Une orange, un citron, du beurre et une tasse pour ton café – la cafetière faisait ce bruit atroce qui indique que le café est en train de couler – avec deux sucres sur une coupelle. Le jour ne s’était pas encore levé sur ta journée. En regardant le tapis du salon, j’ai découvert une poignée de cheveux bruns. Que j’ai laissée par terre, je t’imaginais dire qu’ils n’iraient pas tomber plus bas, et tu n’avais pas tout à fait tort. Ils n’allaient pas disparaitre non plus et je me doutais qu’en rentrant ce soir, ils n’auraient pas bougé.

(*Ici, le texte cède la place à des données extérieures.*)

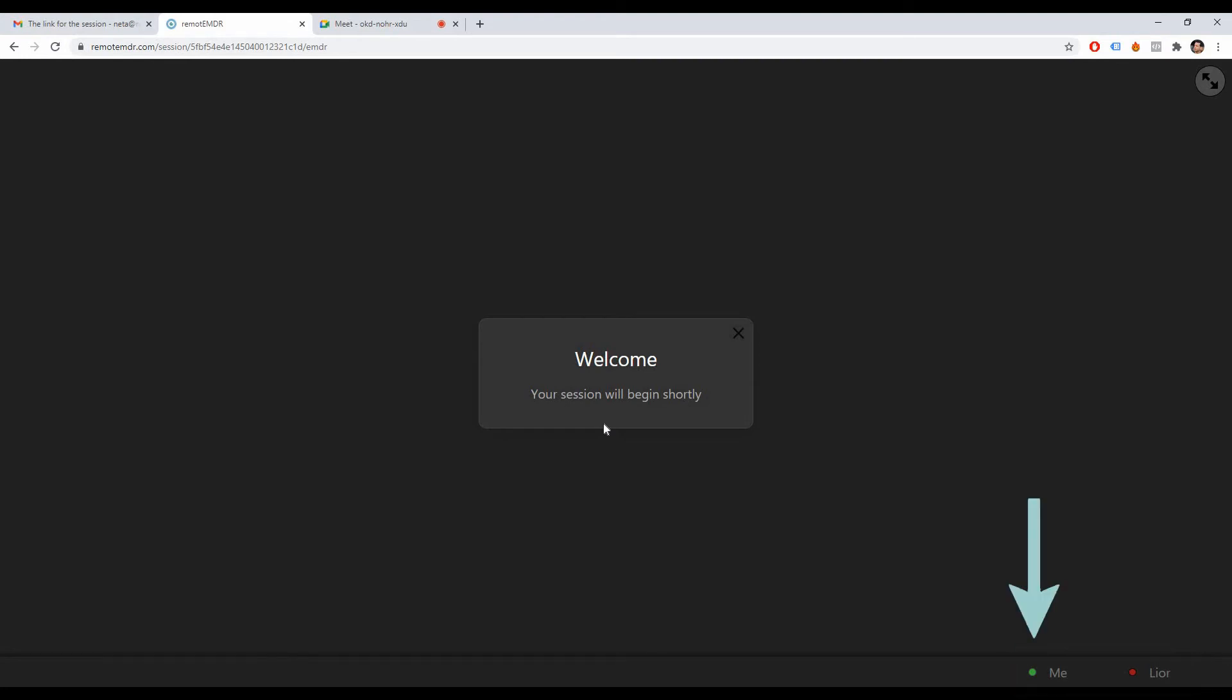The connectivity icons at the bottom of the session screen indicate which participants are currently connected to Remote EMDR. The green circle on the left side means that the client is connected, and the red circle on the right implies that the therapist hasn't joined the session yet. When the therapist joins the session, their icon will turn green.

La ventilation de la salle de bain venait de s’arrêter, enfin, quand je me suis souvenue qu’il fallait que j’attrape le fond de teint. Quand on allumait la lumière la ventilation se remettait en marche pour dix minutes. Je ne comprenais pas comment tu pouvais ne pas l’entendre. Les cachets te rendaient-ils sourde ? Je ne connaissais plus tes souffrances que tu cachais de plus en plus et pourtant j’estimais à juste titre que tu te devais de me parler, de m’expliquer, que je prenne une partie de ta douleur pour mienne et que, malgré tout, je puisse rester à ma place, comme quand tu étais petite et que rien ne pouvait t’arriver de plus méchant qu’une égratignure après une chute un peu brusque à vélo. Au lieu de ça on se ne parlait presque plus, on s’ignorait, moi parce que je ne savais pas quoi te dire et toi parce que tout ce qui venait de moi ne pouvait être qu’une erreur.

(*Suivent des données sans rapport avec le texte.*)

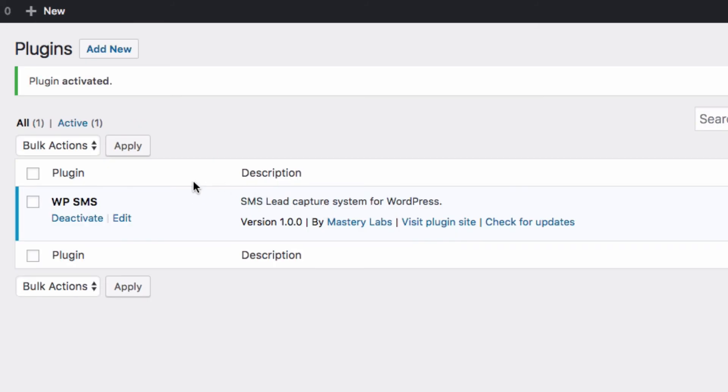We can see it's active here. Now the next step is to activate our license, and we're going to do that in the next video.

Je ne sais pas de quoi tu souffrais le plus, quoi de tes silences ou de ton visage renfermé était le plus difficile à accomplir. C’est si terrible d’accepter la main que je te tends ? C’est si terrible de penser que je ne suis là par amour plus que parce que j’y serais obligée  ? C’est si grave de se laisser aider par quelqu’un que tu crois détester ? Nos différences se sont creusées avec le temps, nos vies ne sont pas les mêmes, je n’aspire pas à ce que tu sois la plus brillante, j’espère seulement que tu prends tes décisions en accord avec ce que tu es et qui tu es. La ventilation de la salle de bain s’était enfin arrêtée et je me suis assise sur le canapé. On avait si peu d’années d’écart. J’ai regardé ton petit déjeuner avec tristesse et ton manteau posé sur l’accoudoir du canapé avec agacement de ce que tu n’écoutais plus quand je te demandais de ranger tes affaires dans le salon. De la poche gauche sortait Le découragement. Tu en avais parlé à ton frère au téléphone hier soir quand il t’a demandé comme tu allais, j’avais collé mon oreille à la porte de ta chambre pour entendre. Une histoire sur comment est-il possible d’écrire le découragement. Ce sentiment que tout glisse sans que tu ne puisses enrayer quoi que ce soit. Quelque chose que tu semblais avoir avalé en quelques heures, loin d’être abattue par la fatigue du traitement. De temps en temps tu as dis être découragée, murmuré, là, au bout du fil du téléphone, tu confiais à ce jeune homme tout ce que tu ne me disais plus.

Le café était prêt, le jour n’était toujours pas levé et tu dormais à poings fermés dans ta chambre d’adolescente, la musique de ton réveil s’était mise en route sans que je ne sache pourquoi tu avais décidé de te lever. La mer n’était pas très loin après tout.

J’ai attrapé mon sac, de peur de te croiser au moment où tu sortirai de ta chambre, il fallait que je parte. Un dernier regard vers ton petit-déjeuner. J’ai refermé la porte sur ton matin et, la main tremblante, j’ai serré Le découragement contre moi.